For this, I have built a Lovasz graph and in order be able to apply the Lovasz local lemma I need to show that $$ e (d^2-d+1) \left[1 - \left(1-\frac{1}{t}\right)^d\right]^t \leq 1$$
if $t = O\left(\frac{d}{log(d)}\right)$
I've been trying to work out the math for a while now but so far it hasn't taken me anywhere.
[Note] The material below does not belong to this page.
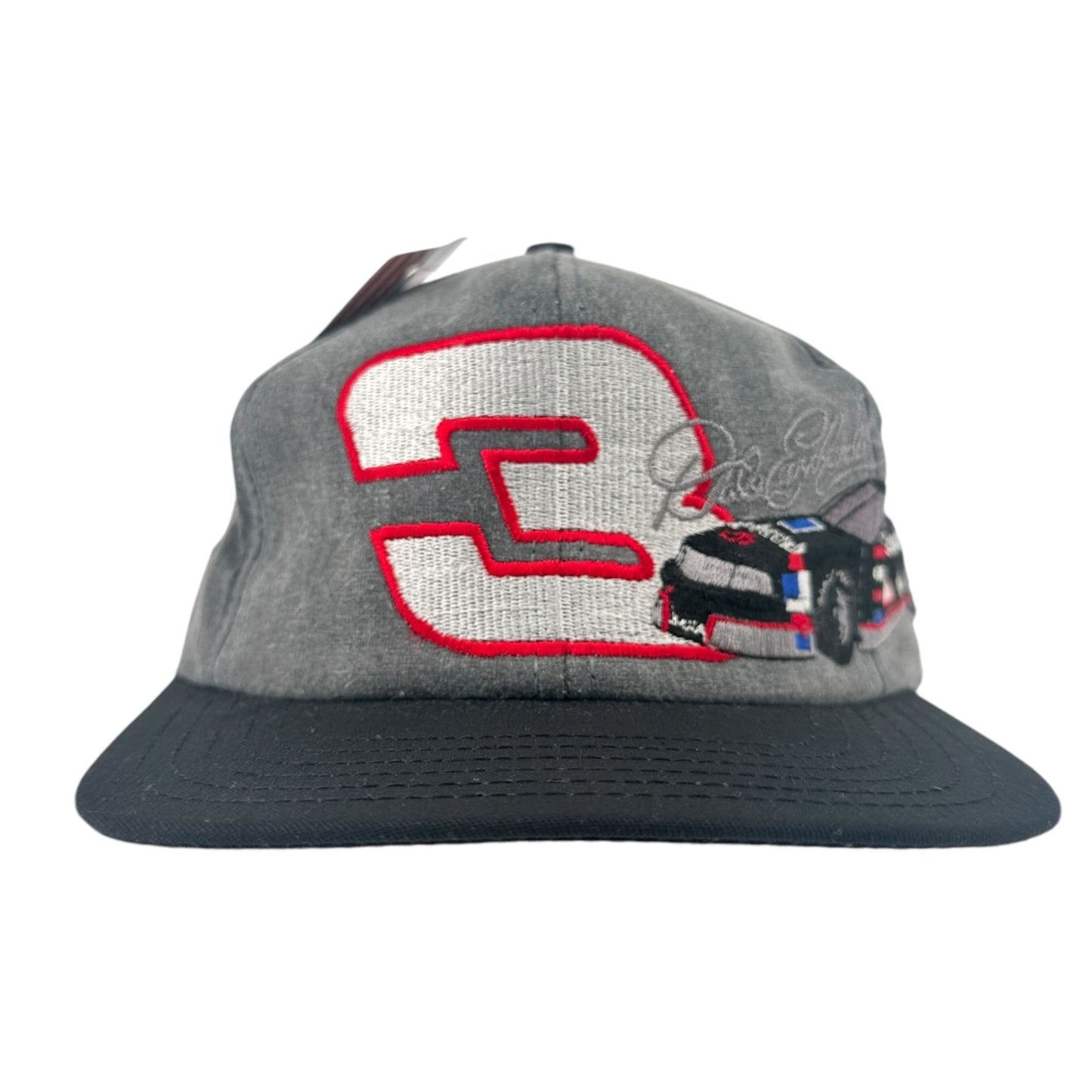 Vtg Dale Earnhardt #3 Snapback Cap Hat Goodwrench Racing 90s NASCAR USA Made NWT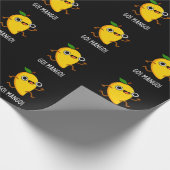 Papier Cadeau Go Mango Funny Running Mango Pun Dark BG (Coin)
Any suggestions as to how to proceed?
Take $t=\frac{kd}{\log{d}}$ and we have
$$ \begin{align*} e(d^2-d+1)\left(1-\left(1-\frac{1}{t}\right)^d\right)^t &= e^{\log(d^2-d+1)+1}\left(1-\left(1-\frac{1}{\frac{kd}{\log{d}}}\right)^d\right)^{\frac{kd}{\log{d}}}\\ &= e^{\log(d^2-d+1)+1}\left(1-\left(1-\frac{1}{\frac{kd}{\log{d}}}\right)^{\frac{kd}{\log{d}}\cdot\frac{\log{d}}{k}}\right)^{\frac{kd}{\log{d}}}\\ &\approx e^{\log(d^2-d+1)+1}\left(1-e^{-\frac{\log{d}}{k}}\right)^{\frac{kd}{\log{d}}}\\ &= e^{\log(d^2-d+1)+1}\left(1-\frac{1}{d^{\frac{1}{k}}}\right)^{\frac{kd}{\log{d}}}\\ &= e^{\log(d^2-d+1)+1}\left(1-\frac{1}{d^{\frac{1}{k}}}\right)^{d^{\frac{1}{k}}\cdot \frac{kd^{(k-1)/k}}{\log{d}}}\\ &\approx e^{\log(d^2-d+1)+1}e^{\frac{-kd}{\log{d}}}\\ \end{align*} $$ For $k$ sufficiently large.
Then we want the exponent to be less than $0$ in order for the entire expression to be smaller than $1$. That means $$ \log{d}(\log(d^2-d+1)+1)-kd\le0\iff k\ge\frac{\log{d}(\log(d^2-d+1)+1)}{d}. $$ Now $$ \frac{\log{d}(\log(d^2-d+1)+1)}{d}\le\frac{\log{d}(\log(d^2)+1)}{d}\le\frac{2(\log{d})^2}{d}+\frac{1}{e}=f(d) $$ and $f(d)$ attains a maximum at $d=e^2$ so that $f(e^2)=\frac{8}{e^2}+\frac 1e\le 1.46.$ Thus for $k$ sufficiently large, our claim holds.